Project Title: Move the gallery code to use ZIP files

Aditya Sahu
The Startup

--

Hi! In this story I’m going to share the technical details about the project that I have undertaken this summer with LibreOffice.

The Objective

The project objective is to move the gallery code to use ZIP files — hence the name. Previously, the software used its custom built binary formats to store the information of gallery themes. These formats(like .sdg, .sdv, .thm, .str) have data stored inside of them which is not present in human friendly language. For example, arrows.str stores the name of the theme called Arrows, as shown below.

arrows.str

This example is the “most friendly” that binary files can get with user. If you don’t believe me, look at the figure below. It’s not readable by human, because it’s a binary file!

arrows.thm

So the primary objective of the project is to transform the binary files to human readable formats and enclose them into a ZIP file altogether. ZIP format is the standard encapsulation format and supports lossless data compression. This project will be a great improvement in the LibreOffice source code as gallery themes will finally be easily read and written. The developers will be benefited greatly from the project because it will be easier to resolve bugs, add improvements and features to the gallery. Let’s discuss the project phases.

While writing the proposal for the project, Tomaž Vajngerl (my mentor) and I had discussed a layout of the structure and how the project would be divided in different phases.

Phase 1: Unit Testing
Phase 2: Refactoring of code
Phase 3: Implementation of XML+ZIP Engine

Phase 1: Unit Testing

“It is to be observed that the refactoring phase should not affect the behaviour of the code. This will only be done to make the current code cleaner and easier to work with. To make sure that refactoring is done right, tests must be written.” -GSoC Proposal

To know the reason why the unit testing phase exists in the first place, it’s important to know a little bit about the following phase — refactoring of code.

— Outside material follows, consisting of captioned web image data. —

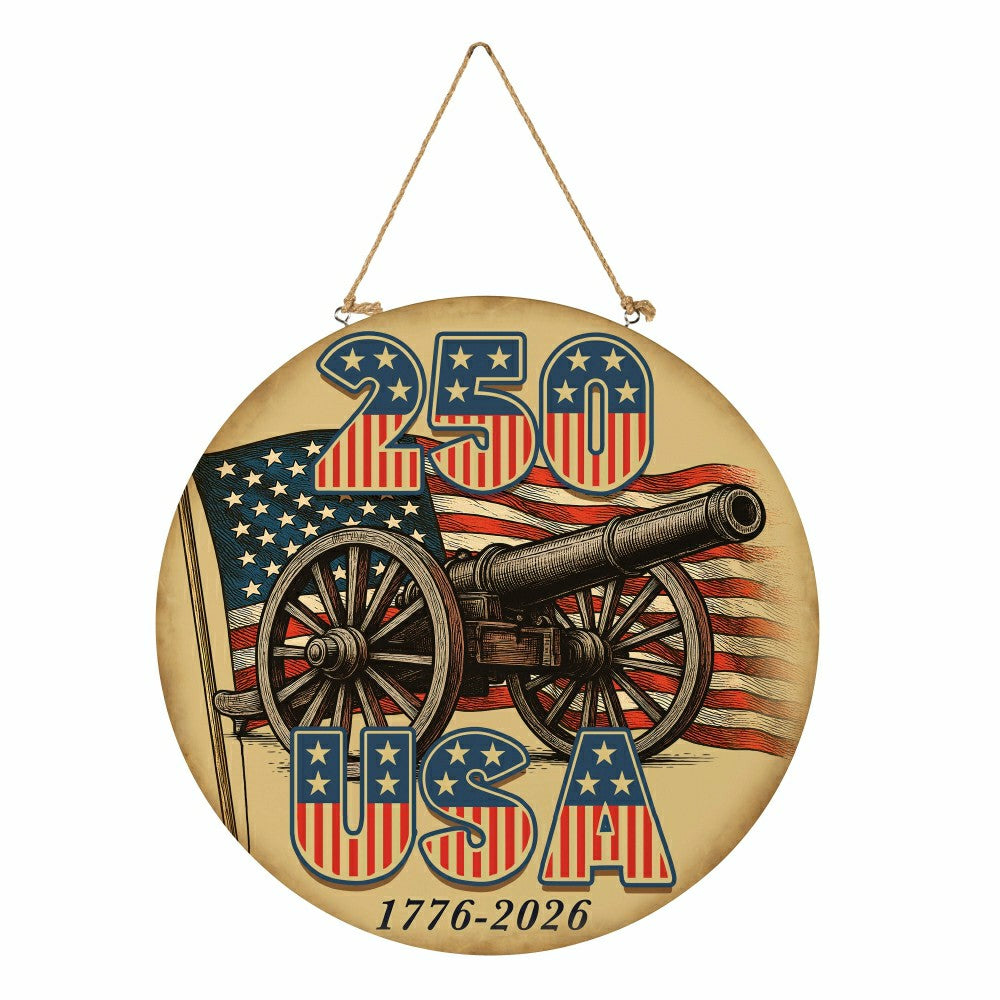 Plow & Hearth Red White & Bloom Wood Round Door Décor, 250 USA, 18"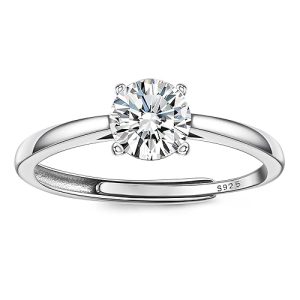 JeweBella Anillo Mujer Plata de Ley 925 Anillo Zirconia Cúbica Brillante Ajustable Anillo Compiso Mujer Anillo Pareja Plata Anillo de Bodas para Alianza Bodas Regalo Aniversario Con Caja rebajado hoy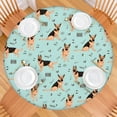 thumbnail image 2 of German Shepherd Dog and Music Round Fitted Tablecloth with Elastic Edge,Dining Table Cover Waterproof,Outdoor Round Tablecloth for Camping,Dining,Indoor and Outdoor, 2 of 7
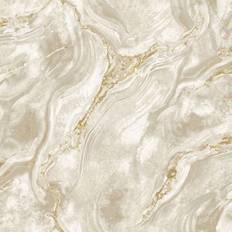 World of Wallpaper 10m x 0.5m, Cream/Gold World of Wallpaper Luxe Collection Mineral Effect Vinyl Textured Wallpaper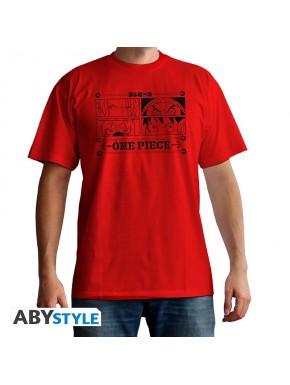 T-shirt unisexe rouge avec design de One Piece 4 Empereurs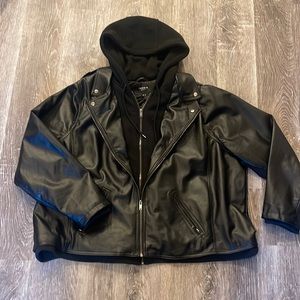 Torrid faux leather drawstring hooded Jacket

A snapshot of the LibreOffice Gallery is shown below:

LibreOffice gallery

Previously, the code behind the module consisted of few classes like Gallery, GalleryTheme, GalleryThemeEntry, SgaObject, etc. These classes form the overall functionality of the gallery module. The only problem was that the classes dealt with all the functionalities by themselves which made the code mixed up, cumbersome and hard to maintain. The classes had member functions that contained the logic of the code, that stores the binary files and reads from the files as well.
For example, GalleryTheme has function called InsertObject() that inputs two parameters: an SgaObject to be inserted and a position. It can be divided into two parts:
1. Logic: It checks if the given SgaObject is valid. If not, it returns false. It then iterates through the list of objects to find the object which matches its position.
2. R/W: If a match is found (the object already exists), it updates the data by “reading” the object… else it proceeds to “write” the object to memory.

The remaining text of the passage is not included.